What is relevant about Nude for this look for is that its creation, presentation, and reception marked the beginning of the pattern to Duchamp's task that was nothing so significantly being a departure from pattern.

They are the unsung aids that allow us to complete the jobs of maintaining home and body, so that we are better prepared to complete our other work, like doing art, such as (Molesworth 51).

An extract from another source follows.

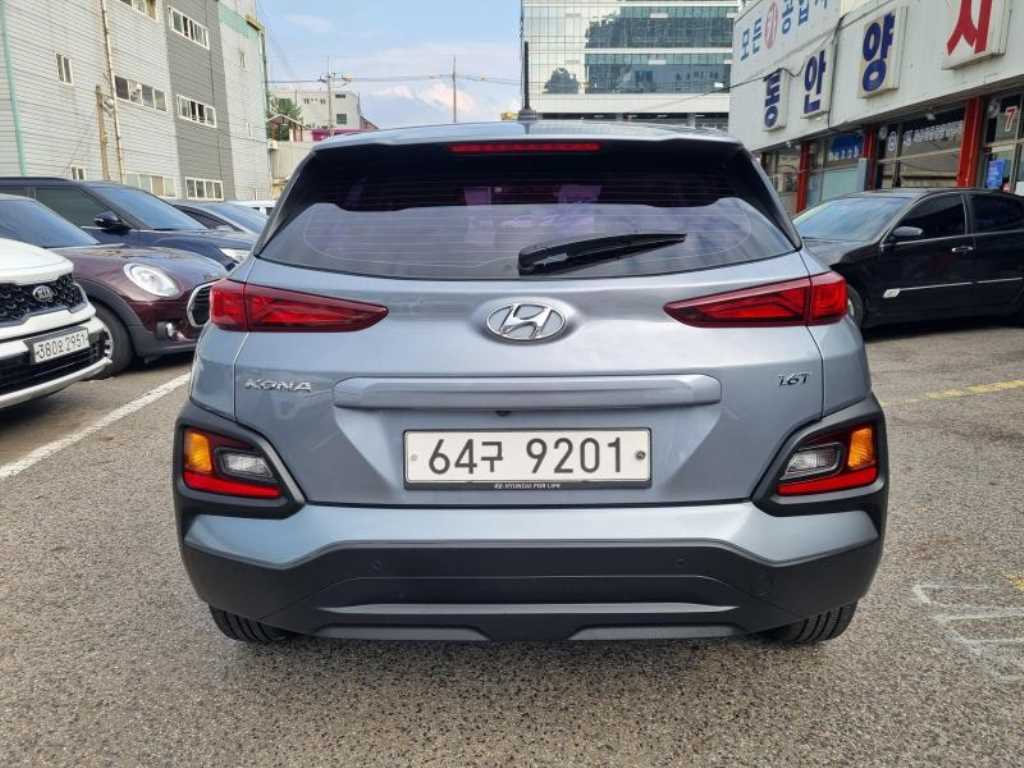 HYUNDAI Kona - Vista 5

According to Naumann, the Society then proceeded not to withdraw Fountain altogether but rather to display it a lot more or a smaller amount out of sight. Naumann explains:

The paradox on the readymade, which Duchamp formulates as irony, is that it is art on the degree the artist can make a situation for it. The case is made via context, original intent, and performance or exhibition. A readymade might be stated to fuse the material, formal, and efficient reasons to occur at a purposeful presentation. But that presentation itself, specifically if it's available with ironic intent, interrogates the very concept of what constitutes art; Ades, Cox, and Hopkins (152) say that the readymades have been conceived like a "challenge by example [to] modern-day assumptions for the nature of artistic creation," in addition to an activity in "expos[ing] the role of institutions and social groups in defining what counts as art." Along the same lines, Molesworth sees the influence from the readymade in general as obtaining "done a lot more to reorganize aesthetic categories than any other twentieth-century art practice." The created objects "made it clear that he thought of 'Art' was produced contextually" (Molesworth 51).

Duchamp's reputation as an established, daring, and respected artist, and also the emerging environment of experimental, modernist art, can also be observed being a core contextual element for any art that he may well have produced in his New York Period. Thus you are able to speculate that after in 1917 he submitted to a Society exhibition a readymade under the name of R. Mutt, and titled Fountain.